Well, P. J. O'Rourke, satirist and NPR panelist, has died. O'Rourke was always on the Libertarian, even Libertine, side of the right-wing cadre, and while he usually punched down, like all conservatives, he didn't do so all of the time, and could even engage in actual, pointed satire to criticize the powerful. That being said, he DID have a naïf view of liberalism, like this claptrap from 2007's Give War a Chance:
At the core of liberalism is the spoiled child — miserable, as all spoiled children are, unsatisfied, demanding, ill-disciplined, despotic and useless. Liberalism is a philosophy of sniveling brats.

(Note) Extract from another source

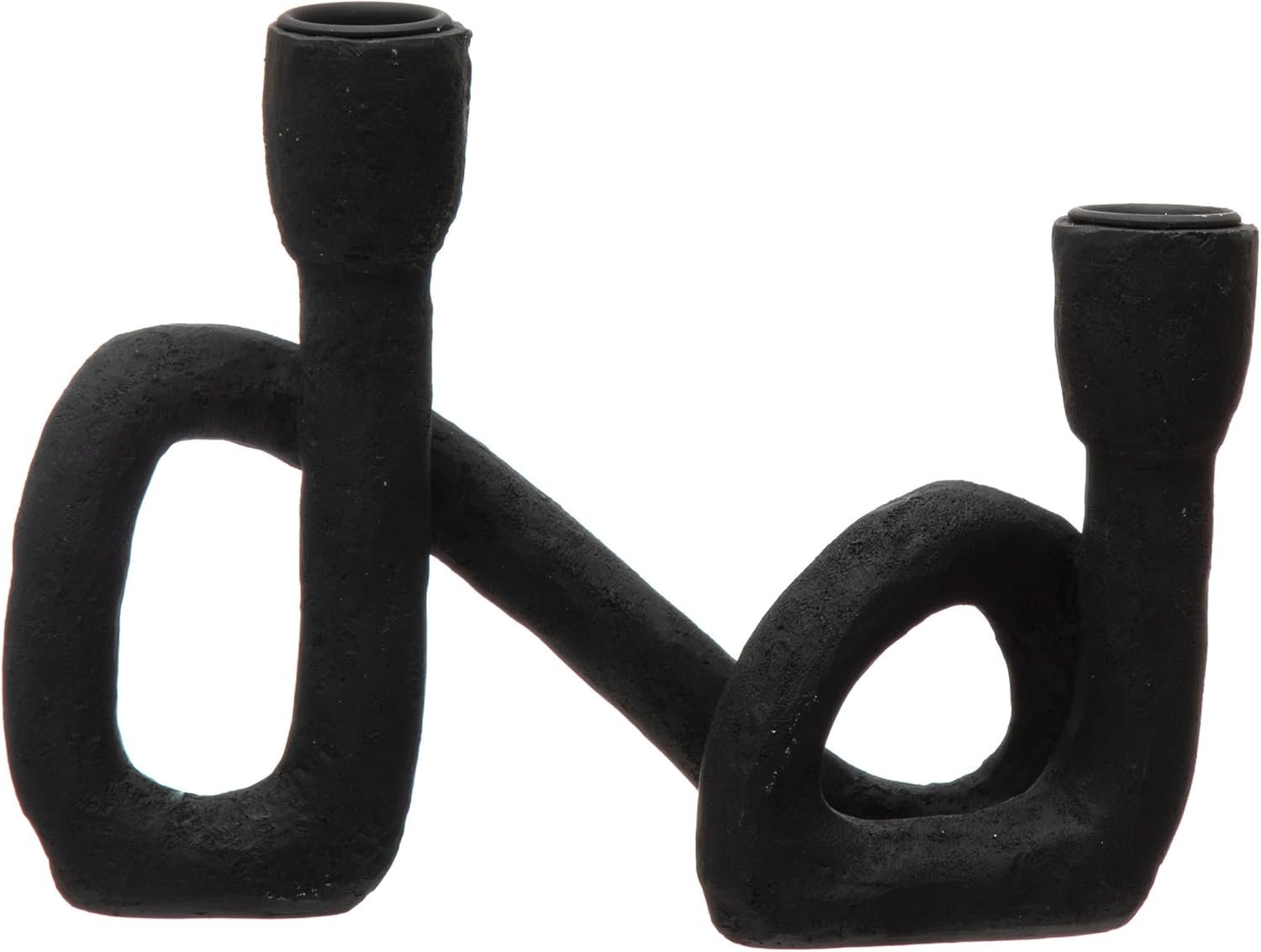 Bloomingville Decorative Resin Double Taper Candle Holder, Black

Yeah, I'm a sniveling brat for wanting every member of my society, indeed everyone on the planet, to have a shot at being able to sustain himself or herself, to have basic needs met so loftier goals can be achieved- isn't that what every spoiled brat wants?
The earlier O'Rourke wasn't lazy like this, and actually could engage in self-deprecation, such as this dig at himself in a piece written for Car and Driver about driving a Ferrari from NYC to LA:
And I had some other problems, too. I have a daytime job where I'm editor of the National Lampoon and I had fallen grievously behind in potty jokes, racial slurs, and comments that demean women. Deadlines loomed, the art department was in a pet, and down at the printing plant they were snarling in their cages. I had no business taking off just then to go do something silly in a rolling red expense account.
Even later in life, he could produce a solid line, such as his reluctant endorsement of Hillary Clinton in the 2016 election:
"I am endorsing Hillary, and all her lies and all her empty promises. It's the second-worst thing that can happen to this country, but she's way behind in second place. She's wrong about absolutely everything, but she's wrong within normal parameters."
For the most part, though, late era O'Rourke's body of work was a typical farrago of right-wing talking points, lazy and repetitive. I would say that, as he got more conservative, he got less funny.
That being said, O'Rourke wrote one of my all-time favorite lines: It's better to spend money like there's no tomorrow than to spend tonight like there's no money.
It's been a while since I've used that in conversation, but it is a motto I've spouted on numerous occasions while younger and less well-remunerated. For that line alone, I tip my hat to the last funny conservative.
3 comments:
P.J. O'Rourke on South Africa:
The world is built on discrimination of the most horrible kind. The problem with South Africans is they admit it. They don’t say, like the French, “Algerians have a legal right to live in the sixteenth arrondissement, but they can’t afford to.” They don’t say, like the Israelis, “Arabs have a legal right to live in West Jerusalem, but they’re afraid to.” They don’t say, like the Americans, “Indians have a legal right to live in Ohio, but oops, we killed them all.” The South Africans just say, “Fuck you.” I believe it’s right there in their constitution: “Article IV: Fuck you. We’re bigots.” We hate them for this. And we’re going to hold indignant demonnstrations…until the South Africans learn to stand up and lie like white men.
That was one of the times he was funny. That, and maybe The monstrous, Mind-Roasting Summer of O.C. & Stiggs
OMG, there's someone else who remembers OC and Stiggs!
P.J. O'Rourke. Who was that? I remember him, barely, as a brilliant intellectual who sold out. He decided he was more intelligent. He embraced whatever politics would serve him.
He lived a double life. He was always dodging and not telling the truth. He walked a fine line. Now, he is just bones or ashes.